→ Work item:
From the first line of the data down to and including the line with "Culture 24k Gold", copy everything exactly, leaving out pictures.

→ Data for the task:
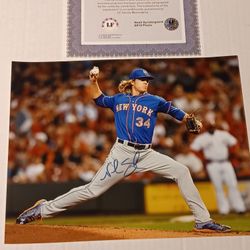 Noah SNYDERGAARD NEW York METS 8x10 Auto Signed Photo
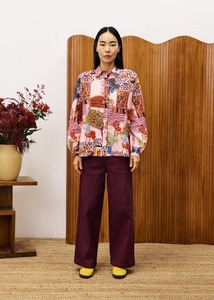 Gerbera Shirt - Pink Lounge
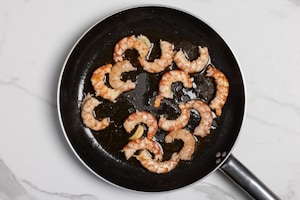 Preparazione Spaghetti con gamberoni - Fase 2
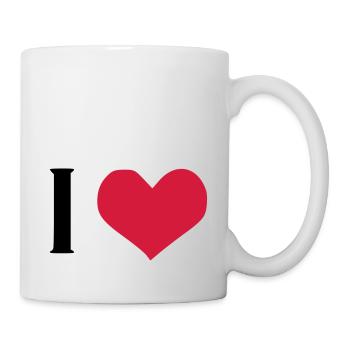 I LOVE - Mug blanc - blanc - Droite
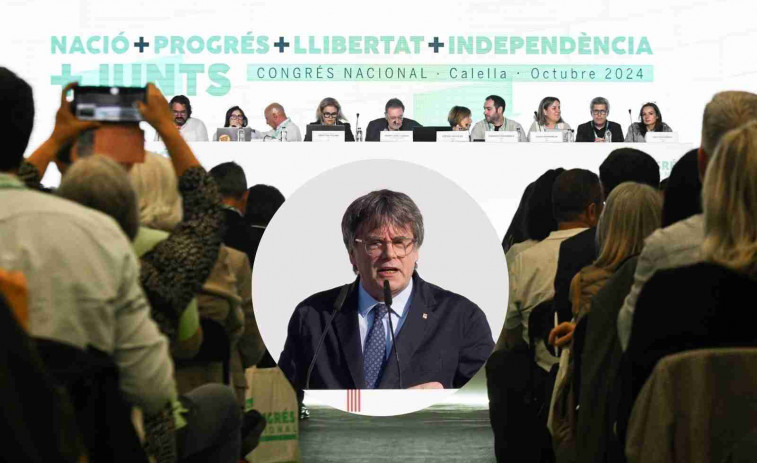 El Congreso de Junts empieza con un previsible masaje a Puigdemont: 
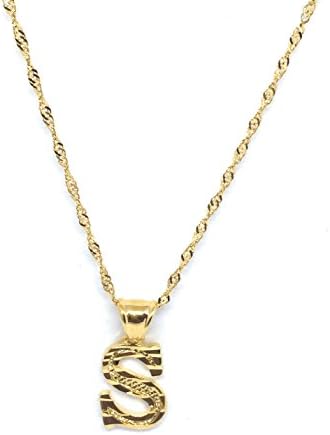 TOP Selling “S” Culture 24k Gold Plated 18” Initial Necklace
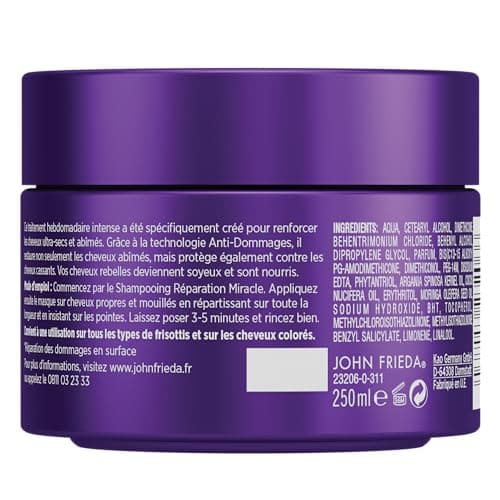 JOHN FRIEDA Frizz Ease Intensive Miracle Repair Mask 250ml - Image 4
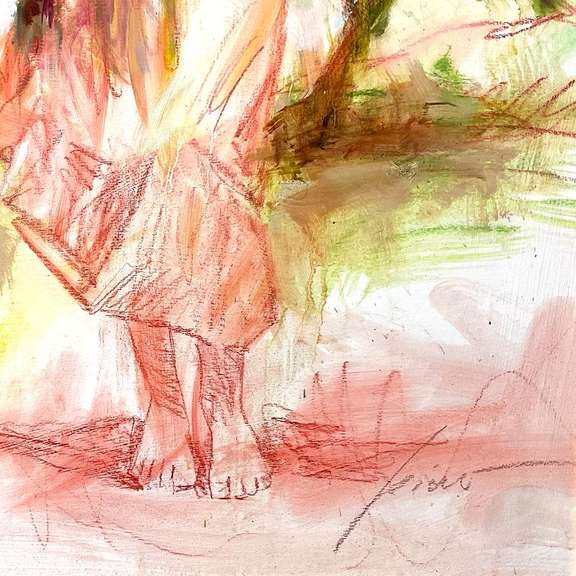 Seaside Retreat Original by Pino (1939-2010)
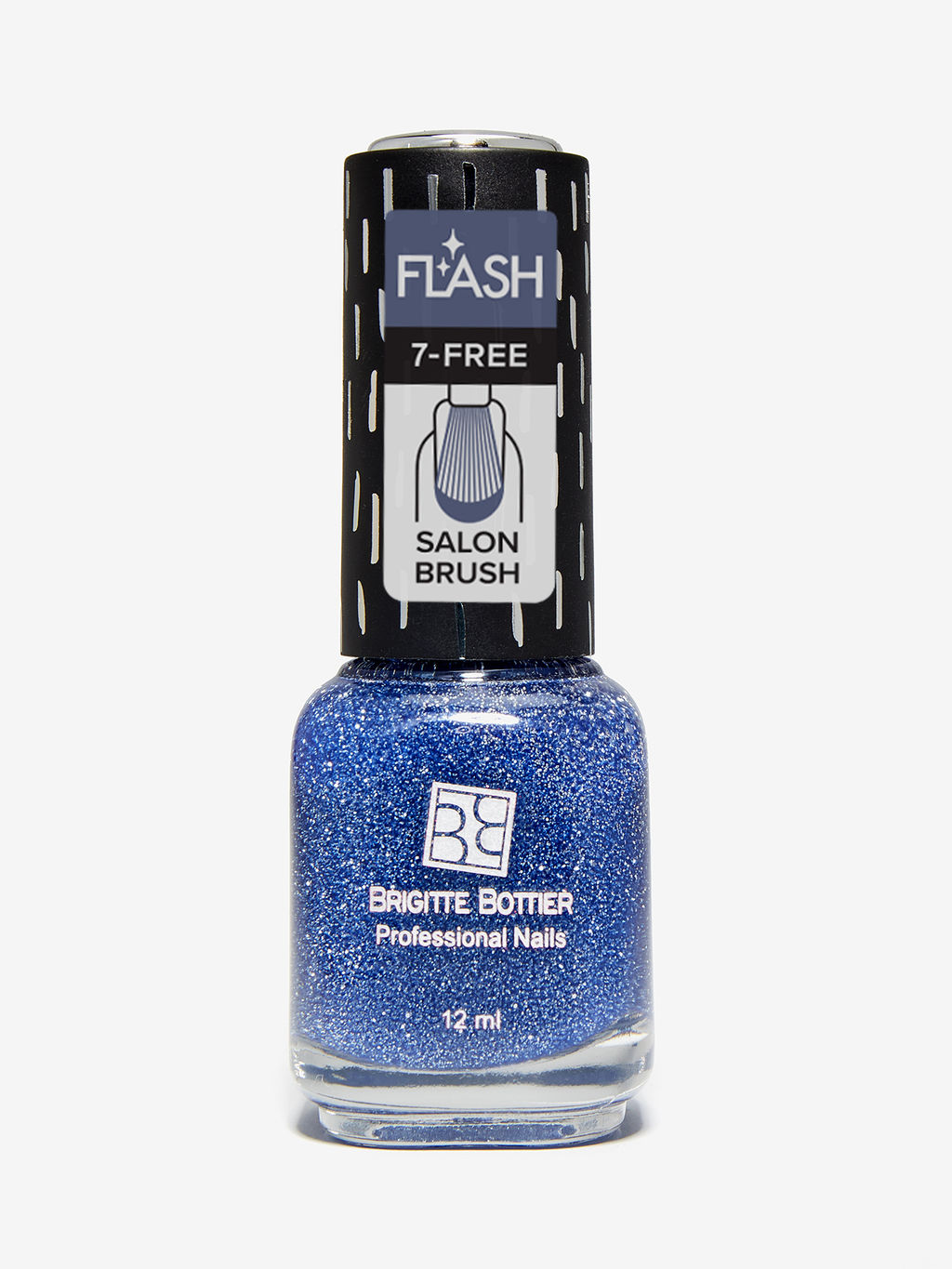 Brigitte Bottier Лак FLASH (Вспышка) светоотражающий эффект тон 05 синий 12мл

→ Expected output:
 Noah SNYDERGAARD NEW York METS 8x10 Auto Signed Photo
 Gerbera Shirt - Pink Lounge
 Preparazione Spaghetti con gamberoni - Fase 2
 I LOVE - Mug blanc - blanc - Droite
 El Congreso de Junts empieza con un previsible masaje a Puigdemont: 
 TOP Selling “S” Culture 24k Gold Plated 18” Initial Necklace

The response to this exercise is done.